By eleven, when she had run out of duties and excuses, there was still no sign of Ralph emerging from his bed. Balling her apron into a laundry basket, she headed down the back corridor, eased open the east door and ducked through the flapping washing to the path which led towards the main gate. The wind moaned. The sky churned. She was leaving Invercombe without warning or notice. She was the very worst kind of undermaid.
Ralph awoke from some complex and unremembered dream. He rang for breakfast to be brought up to him, and picked at it before putting it aside and getting dressed. Noon, but only the weathertop seemed clear—gold-etched; a collage cut from a different painting. This was the day. Marion already had the tickets for the Verticordia, which departed Bristol for Penn Island on tomorrow’s morning tide, and they would meet at nine tonight at Luttrell Station to catch the last train.
There were two tasks of packing, and he started with the easier one, albeit with far more items, for the journey to Highclare he would never take.

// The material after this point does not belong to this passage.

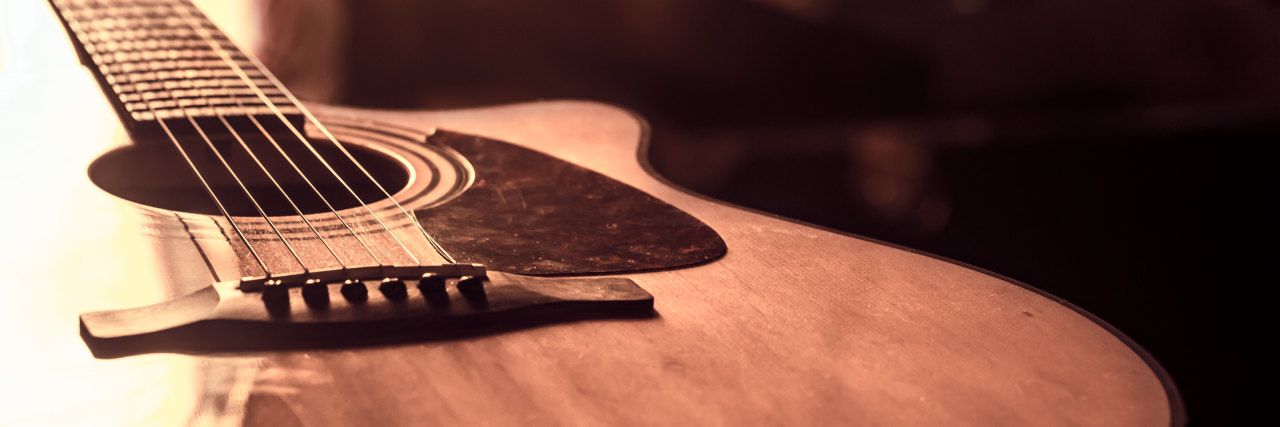 What a Guitar Taught Me About Multiple Sclerosis and Changing Plans Acoustic guitar close-up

The new cases his mother had ordered for him smelled sweetly of leather and shop displays. Shirts and jackets. Ties and sports gear. It seemed important that the Ralph who was heading to Highclare should have everything he needed. His gaze settled on a big pelican’s foot shell on the mantelpiece. Lifting it, he wondered why it was that gastropods always unwound their shells clockwise. He put it to his ear, and smiled, and laid it on top of his shirts before buckling up his cases. Then it was all done; folded and sorted in the way which his mother had taught him through their long European journeys from hotel to hotel, and far better than could be accomplished by some ignorant porter or maid.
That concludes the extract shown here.